Also, do plyometric exercises for fast twitch muscles. Jumping height is generated from your quads and from the fast twitch muscles in your calves. Using jumps from one foot to the other, or up stairs on one foot will help. You can get some platform shoes (not the heels, the ones that go on sneakers) that basketball players use, but I don't know how much that would help on skates.

On skates, you want to practice using your whole body to get height. Your arms and abs pull you higher. Then you want to bring your legs up and in, depending if you are just jumping, or jumping over something.

Finally, put an obstacle in your path for you to jump over (WEARING ALL YOUR PADS AND HELMETS) and keep practicing to get over the mental element that keeps you from going high. As you feel comfortable with it, raise the height of the obstacle gradually.

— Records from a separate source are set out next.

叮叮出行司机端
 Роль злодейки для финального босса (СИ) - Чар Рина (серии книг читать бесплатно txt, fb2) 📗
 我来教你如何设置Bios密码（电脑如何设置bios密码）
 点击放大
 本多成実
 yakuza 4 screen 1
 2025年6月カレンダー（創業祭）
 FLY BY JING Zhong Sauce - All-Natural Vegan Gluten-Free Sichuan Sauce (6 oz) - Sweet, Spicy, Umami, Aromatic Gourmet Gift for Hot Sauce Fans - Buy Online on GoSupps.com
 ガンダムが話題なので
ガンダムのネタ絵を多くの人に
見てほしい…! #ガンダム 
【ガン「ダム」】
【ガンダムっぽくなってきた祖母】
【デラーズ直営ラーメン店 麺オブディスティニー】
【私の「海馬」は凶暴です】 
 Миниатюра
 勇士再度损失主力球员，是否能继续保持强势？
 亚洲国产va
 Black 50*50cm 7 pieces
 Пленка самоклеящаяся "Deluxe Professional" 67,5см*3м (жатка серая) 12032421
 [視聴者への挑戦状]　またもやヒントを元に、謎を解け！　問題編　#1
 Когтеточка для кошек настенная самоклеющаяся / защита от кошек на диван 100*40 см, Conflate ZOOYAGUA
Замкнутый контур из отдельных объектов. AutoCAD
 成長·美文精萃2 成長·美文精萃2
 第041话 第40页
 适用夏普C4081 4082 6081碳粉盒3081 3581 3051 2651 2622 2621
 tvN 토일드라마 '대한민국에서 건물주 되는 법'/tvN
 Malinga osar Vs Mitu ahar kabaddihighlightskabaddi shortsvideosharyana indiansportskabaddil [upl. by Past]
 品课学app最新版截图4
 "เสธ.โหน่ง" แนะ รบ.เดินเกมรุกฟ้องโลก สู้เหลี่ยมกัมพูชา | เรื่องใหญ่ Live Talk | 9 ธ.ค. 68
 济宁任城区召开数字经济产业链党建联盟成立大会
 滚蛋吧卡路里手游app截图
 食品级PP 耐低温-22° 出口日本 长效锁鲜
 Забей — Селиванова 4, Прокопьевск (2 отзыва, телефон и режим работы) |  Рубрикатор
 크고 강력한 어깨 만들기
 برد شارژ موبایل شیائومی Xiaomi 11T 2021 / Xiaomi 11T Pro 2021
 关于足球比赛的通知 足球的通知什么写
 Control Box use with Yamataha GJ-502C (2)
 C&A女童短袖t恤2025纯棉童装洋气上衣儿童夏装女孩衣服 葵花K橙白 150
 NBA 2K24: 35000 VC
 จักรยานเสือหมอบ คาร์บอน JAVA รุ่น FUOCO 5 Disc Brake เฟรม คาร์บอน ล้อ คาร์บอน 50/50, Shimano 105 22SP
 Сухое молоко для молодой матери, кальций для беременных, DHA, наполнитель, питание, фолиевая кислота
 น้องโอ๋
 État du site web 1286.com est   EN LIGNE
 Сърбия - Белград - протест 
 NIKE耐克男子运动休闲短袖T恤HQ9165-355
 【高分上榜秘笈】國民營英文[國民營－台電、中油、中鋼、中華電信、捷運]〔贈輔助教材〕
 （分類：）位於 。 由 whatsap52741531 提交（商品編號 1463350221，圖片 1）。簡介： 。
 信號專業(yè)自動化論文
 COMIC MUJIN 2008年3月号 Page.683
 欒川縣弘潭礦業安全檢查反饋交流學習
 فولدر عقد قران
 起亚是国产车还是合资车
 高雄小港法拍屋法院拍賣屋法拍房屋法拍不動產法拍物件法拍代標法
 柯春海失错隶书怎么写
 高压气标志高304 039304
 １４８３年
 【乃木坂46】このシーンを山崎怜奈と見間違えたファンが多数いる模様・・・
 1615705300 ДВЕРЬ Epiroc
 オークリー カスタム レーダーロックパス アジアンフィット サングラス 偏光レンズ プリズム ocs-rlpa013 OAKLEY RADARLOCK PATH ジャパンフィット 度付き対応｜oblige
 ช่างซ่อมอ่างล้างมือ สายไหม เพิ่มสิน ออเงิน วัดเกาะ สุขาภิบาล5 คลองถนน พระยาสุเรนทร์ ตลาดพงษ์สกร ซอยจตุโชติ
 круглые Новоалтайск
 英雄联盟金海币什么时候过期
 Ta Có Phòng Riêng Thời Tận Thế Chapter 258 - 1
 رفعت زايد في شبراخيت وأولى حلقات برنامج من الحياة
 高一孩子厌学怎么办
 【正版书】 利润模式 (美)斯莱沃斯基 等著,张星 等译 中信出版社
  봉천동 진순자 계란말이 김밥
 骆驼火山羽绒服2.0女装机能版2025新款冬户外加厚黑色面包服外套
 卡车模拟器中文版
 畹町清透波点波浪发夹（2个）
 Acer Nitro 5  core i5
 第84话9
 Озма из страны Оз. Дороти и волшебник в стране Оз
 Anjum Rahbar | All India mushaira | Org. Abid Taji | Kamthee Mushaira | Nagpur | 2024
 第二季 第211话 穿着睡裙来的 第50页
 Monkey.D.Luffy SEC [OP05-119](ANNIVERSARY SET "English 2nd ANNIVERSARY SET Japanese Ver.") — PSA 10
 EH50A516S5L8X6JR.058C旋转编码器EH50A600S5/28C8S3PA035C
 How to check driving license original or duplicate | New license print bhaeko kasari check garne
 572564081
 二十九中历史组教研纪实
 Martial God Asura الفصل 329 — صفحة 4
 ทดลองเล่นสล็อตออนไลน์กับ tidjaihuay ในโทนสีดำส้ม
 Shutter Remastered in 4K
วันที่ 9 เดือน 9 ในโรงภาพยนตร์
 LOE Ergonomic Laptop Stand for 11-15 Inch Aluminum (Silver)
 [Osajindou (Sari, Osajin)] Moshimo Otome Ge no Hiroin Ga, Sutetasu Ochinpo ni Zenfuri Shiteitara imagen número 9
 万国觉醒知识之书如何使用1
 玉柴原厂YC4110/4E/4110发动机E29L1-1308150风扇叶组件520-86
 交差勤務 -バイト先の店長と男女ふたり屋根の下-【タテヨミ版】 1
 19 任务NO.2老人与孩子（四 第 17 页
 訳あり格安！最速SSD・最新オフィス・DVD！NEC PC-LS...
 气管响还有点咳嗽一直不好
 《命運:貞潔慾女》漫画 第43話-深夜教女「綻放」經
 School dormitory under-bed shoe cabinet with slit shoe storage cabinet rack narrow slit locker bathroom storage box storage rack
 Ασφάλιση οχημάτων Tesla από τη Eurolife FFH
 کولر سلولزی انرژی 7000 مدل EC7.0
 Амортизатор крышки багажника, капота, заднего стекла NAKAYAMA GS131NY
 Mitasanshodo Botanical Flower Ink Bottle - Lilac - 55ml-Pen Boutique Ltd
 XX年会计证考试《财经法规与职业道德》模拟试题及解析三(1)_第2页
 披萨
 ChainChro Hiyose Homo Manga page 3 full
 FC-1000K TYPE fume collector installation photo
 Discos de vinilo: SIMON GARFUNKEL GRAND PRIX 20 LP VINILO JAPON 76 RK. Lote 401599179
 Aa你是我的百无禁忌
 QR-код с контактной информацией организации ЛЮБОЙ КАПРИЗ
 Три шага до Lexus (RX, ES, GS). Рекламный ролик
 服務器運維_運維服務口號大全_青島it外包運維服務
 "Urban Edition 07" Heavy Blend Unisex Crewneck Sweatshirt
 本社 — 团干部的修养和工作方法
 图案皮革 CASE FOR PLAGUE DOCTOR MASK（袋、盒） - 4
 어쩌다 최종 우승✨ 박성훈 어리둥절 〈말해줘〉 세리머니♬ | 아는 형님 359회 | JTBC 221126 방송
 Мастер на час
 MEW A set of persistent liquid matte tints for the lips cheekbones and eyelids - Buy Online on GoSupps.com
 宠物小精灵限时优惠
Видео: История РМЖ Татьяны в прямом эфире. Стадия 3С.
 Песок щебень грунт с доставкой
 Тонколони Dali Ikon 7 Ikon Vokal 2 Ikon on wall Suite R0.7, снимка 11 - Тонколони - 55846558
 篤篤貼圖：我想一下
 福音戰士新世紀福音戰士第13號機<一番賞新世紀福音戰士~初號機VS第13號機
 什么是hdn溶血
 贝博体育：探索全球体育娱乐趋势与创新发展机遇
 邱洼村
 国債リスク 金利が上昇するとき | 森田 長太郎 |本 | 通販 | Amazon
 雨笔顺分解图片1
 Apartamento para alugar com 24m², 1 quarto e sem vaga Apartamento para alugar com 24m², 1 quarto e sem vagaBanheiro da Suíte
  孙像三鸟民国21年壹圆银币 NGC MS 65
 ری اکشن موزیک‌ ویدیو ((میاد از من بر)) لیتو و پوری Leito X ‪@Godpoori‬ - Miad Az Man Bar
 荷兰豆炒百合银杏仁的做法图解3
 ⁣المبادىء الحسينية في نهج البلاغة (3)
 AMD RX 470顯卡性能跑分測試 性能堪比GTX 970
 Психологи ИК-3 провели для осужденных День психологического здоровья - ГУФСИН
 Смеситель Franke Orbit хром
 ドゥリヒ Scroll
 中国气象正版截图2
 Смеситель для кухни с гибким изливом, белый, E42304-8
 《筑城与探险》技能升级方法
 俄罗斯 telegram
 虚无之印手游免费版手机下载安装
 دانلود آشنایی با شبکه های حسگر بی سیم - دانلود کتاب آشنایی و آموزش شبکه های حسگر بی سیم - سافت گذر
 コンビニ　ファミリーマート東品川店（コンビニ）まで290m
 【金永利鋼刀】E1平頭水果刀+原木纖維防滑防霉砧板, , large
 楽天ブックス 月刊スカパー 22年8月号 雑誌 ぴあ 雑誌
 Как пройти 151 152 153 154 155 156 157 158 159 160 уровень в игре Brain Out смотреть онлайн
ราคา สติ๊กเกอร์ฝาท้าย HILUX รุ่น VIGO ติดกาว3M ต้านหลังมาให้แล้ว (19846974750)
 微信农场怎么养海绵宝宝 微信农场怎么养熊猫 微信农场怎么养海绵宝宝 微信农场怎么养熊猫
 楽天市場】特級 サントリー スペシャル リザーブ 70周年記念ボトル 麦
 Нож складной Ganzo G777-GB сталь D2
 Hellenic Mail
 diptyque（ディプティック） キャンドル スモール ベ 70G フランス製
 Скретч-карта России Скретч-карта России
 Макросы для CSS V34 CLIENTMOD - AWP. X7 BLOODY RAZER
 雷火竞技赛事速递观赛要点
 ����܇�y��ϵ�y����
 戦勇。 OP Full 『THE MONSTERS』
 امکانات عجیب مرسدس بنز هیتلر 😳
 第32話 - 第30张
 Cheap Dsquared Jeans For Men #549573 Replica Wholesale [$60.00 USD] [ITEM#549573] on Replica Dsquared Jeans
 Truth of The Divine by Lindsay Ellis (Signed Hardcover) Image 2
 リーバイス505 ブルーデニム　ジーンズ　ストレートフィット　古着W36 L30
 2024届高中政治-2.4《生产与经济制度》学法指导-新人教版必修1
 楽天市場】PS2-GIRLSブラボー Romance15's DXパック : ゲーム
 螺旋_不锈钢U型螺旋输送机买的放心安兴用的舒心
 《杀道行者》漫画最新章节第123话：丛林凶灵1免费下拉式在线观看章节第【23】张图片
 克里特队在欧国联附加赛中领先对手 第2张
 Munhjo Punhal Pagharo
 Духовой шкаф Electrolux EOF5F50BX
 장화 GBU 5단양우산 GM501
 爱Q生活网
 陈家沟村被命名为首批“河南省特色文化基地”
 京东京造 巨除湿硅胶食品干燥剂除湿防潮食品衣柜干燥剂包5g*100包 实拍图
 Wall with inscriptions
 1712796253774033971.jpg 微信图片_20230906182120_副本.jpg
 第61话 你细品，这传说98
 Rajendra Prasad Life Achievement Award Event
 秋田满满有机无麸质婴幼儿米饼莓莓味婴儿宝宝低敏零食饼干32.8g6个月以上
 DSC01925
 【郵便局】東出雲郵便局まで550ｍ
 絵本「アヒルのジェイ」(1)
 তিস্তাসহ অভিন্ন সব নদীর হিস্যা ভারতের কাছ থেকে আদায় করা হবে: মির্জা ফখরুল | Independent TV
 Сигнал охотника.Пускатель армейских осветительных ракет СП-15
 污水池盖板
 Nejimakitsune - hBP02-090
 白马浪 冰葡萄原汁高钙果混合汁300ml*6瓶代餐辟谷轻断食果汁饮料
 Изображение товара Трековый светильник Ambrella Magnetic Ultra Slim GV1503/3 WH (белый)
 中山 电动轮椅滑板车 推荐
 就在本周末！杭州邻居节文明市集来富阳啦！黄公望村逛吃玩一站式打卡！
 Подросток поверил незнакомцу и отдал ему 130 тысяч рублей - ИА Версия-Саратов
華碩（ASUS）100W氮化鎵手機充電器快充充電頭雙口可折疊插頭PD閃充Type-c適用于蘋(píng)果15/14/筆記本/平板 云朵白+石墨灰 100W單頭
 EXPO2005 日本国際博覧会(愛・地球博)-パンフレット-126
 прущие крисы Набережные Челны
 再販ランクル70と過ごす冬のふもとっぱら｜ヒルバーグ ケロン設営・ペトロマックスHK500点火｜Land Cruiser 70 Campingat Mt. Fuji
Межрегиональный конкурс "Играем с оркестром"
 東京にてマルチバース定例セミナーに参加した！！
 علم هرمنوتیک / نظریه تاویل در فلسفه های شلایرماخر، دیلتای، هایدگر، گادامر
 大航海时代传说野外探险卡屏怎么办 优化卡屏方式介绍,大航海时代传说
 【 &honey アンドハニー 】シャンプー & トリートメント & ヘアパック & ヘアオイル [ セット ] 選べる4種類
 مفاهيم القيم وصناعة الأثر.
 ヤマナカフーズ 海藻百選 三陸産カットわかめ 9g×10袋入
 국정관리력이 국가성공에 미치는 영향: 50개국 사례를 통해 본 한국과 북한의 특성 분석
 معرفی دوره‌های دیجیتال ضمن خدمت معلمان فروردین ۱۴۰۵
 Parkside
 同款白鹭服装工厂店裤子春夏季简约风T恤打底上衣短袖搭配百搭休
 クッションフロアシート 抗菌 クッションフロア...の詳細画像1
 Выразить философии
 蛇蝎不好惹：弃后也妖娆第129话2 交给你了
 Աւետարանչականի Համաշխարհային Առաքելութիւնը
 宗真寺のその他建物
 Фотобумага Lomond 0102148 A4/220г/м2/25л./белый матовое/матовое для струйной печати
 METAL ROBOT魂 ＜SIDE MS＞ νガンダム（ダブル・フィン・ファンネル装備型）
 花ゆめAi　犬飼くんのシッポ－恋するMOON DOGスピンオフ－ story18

We practice jumping over cones, a bar on stands like a linbo bar, and of course, people laying on the ground. You are really motivated to jump high enough not to kick or kill them, especially if they are friends!
Thanks! You can also get a grind rail, just that wont move if you miss lol. Thats what I'm working on. Need to get up a foot high, thats my goal.

I think my freakin hip flexors need strengthening. Cause once I get speed for the height on the ramps, its mostly lugging my knees way up. So what I'm doing is sitting on the very edge of my table with my body almost perpendicular to the ground and have 10 lb weights on each foot. I then bring my knees up to my chest and crunch up. I also do a lot of sit ups now lowering legs to the ground, etc. I'll get there!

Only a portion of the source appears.